PROBLEM REQUIREMENTS:
Scan the material for "power". Copy every line it appears in.
----------
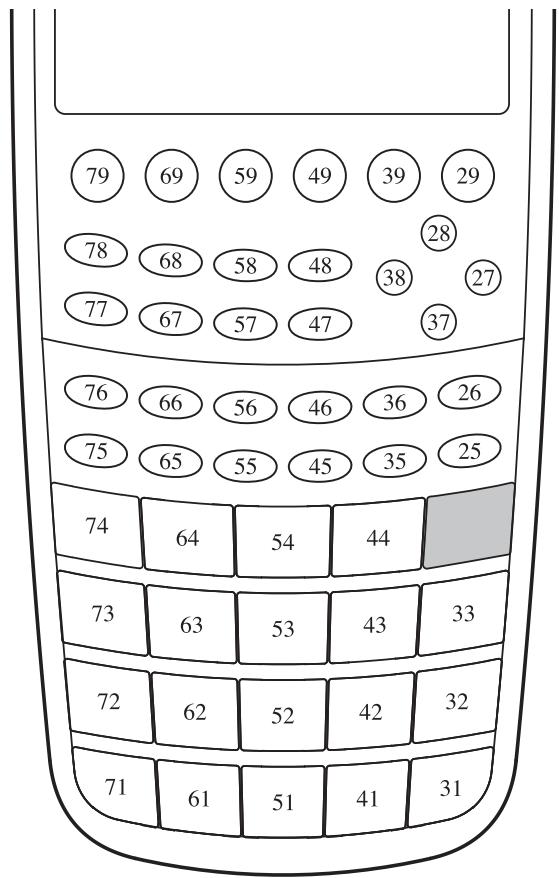 CASIO FX COLOR GRAPH 20 - Description : - 1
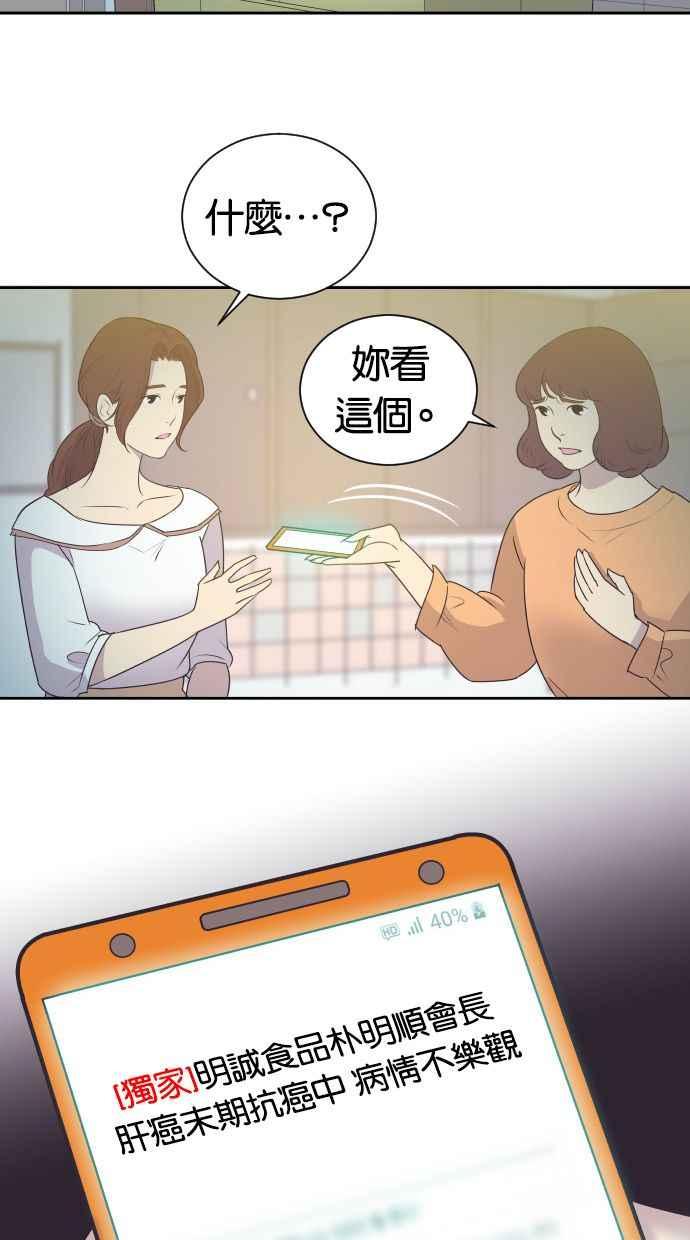契约再婚夫妻 第6话 再次重逢 第12页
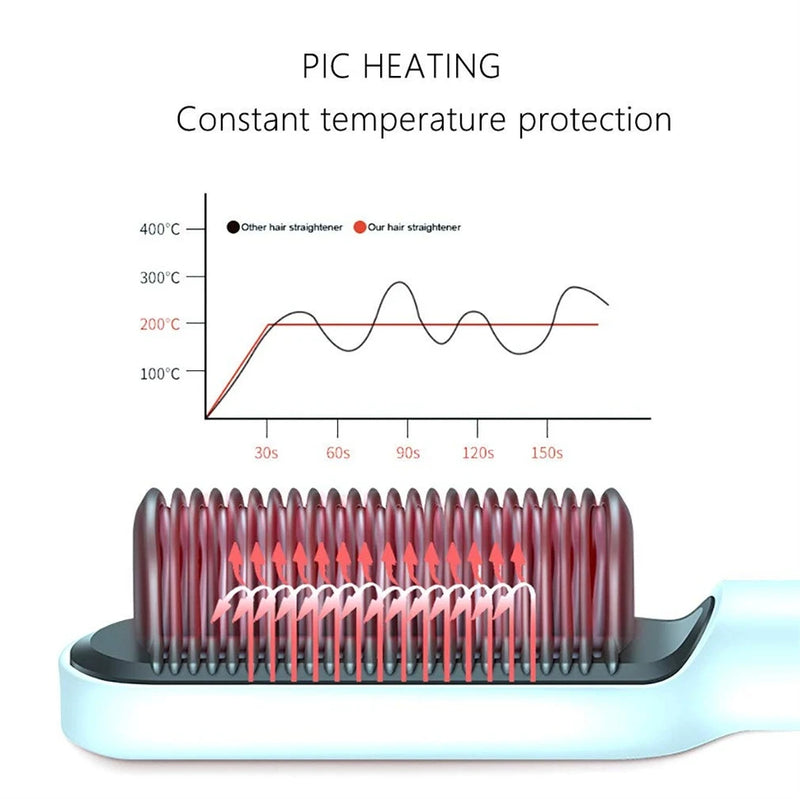 Escova De Cabelo Elétrica Pente De Aquecimento Para Alisador bivolt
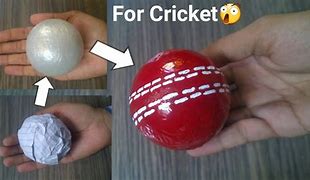 Image result for Cricket Plotting Each Ball On Paper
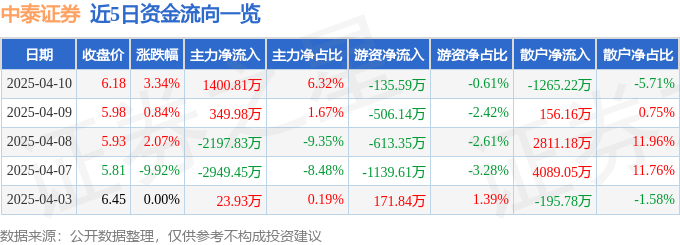 股票行情快报：中泰证券（600918）4月10日主力资金净买入1400.81万元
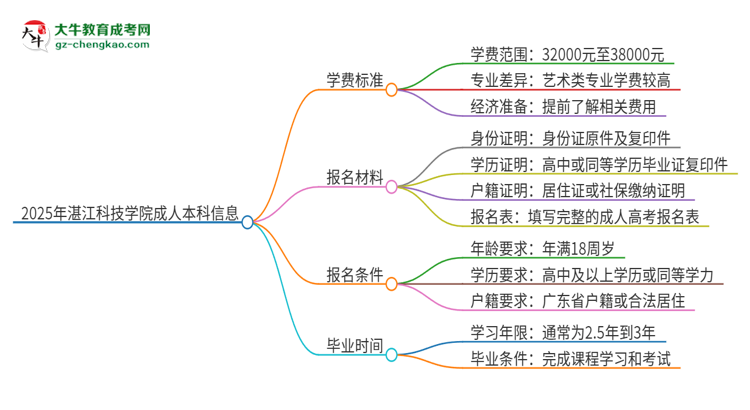 2025年湛江科技學(xué)院成人本科的學(xué)費(fèi)標(biāo)準(zhǔn)是多少？思維導(dǎo)圖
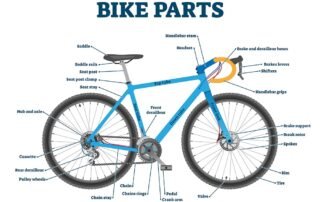 Main Bike Parts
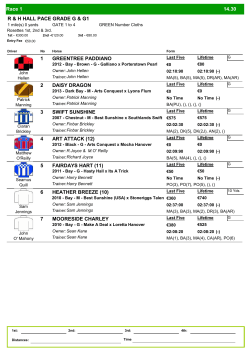 Race Card - Harness Racing Cork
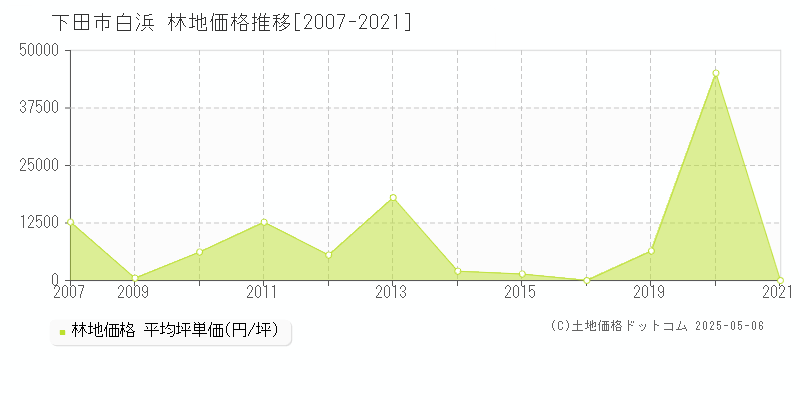 白浜(下田市)の林地価格推移グラフ(坪単価)[2007-2021年]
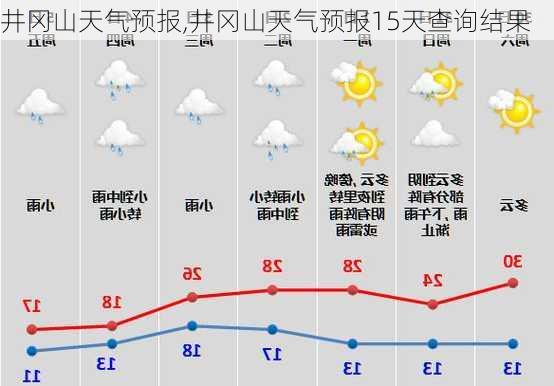 井冈山天气预报,井冈山天气预报15天查询结果-第2张图片-小艾出游网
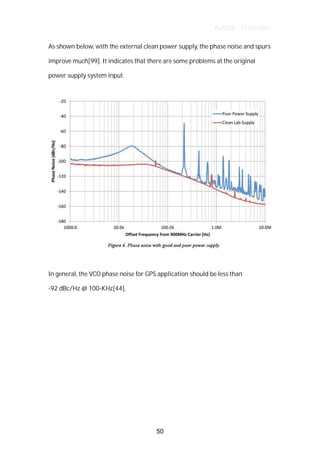 Author : Criterion
As	shown	below,	with	the	external	clean	power	supply,	the	phase	noise	and	spurs	
improve	much[99].	It	indicates	that	there	are	some	problems	at	the	original	
power	supply	system	input.	
	
	
	
In	general,	the	VCO	phase	noise	for	GPS	application	should	be	less	than	 	
-92	dBc/Hz	@	100-KHz[44].	
	
	
	
	
	
	
	
	
	
50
----------
EXERCISE ANSWER:
As	shown	below,	with	the	external	clean	power	supply,	the	phase	noise	and	spurs	
power	supply	system	input.	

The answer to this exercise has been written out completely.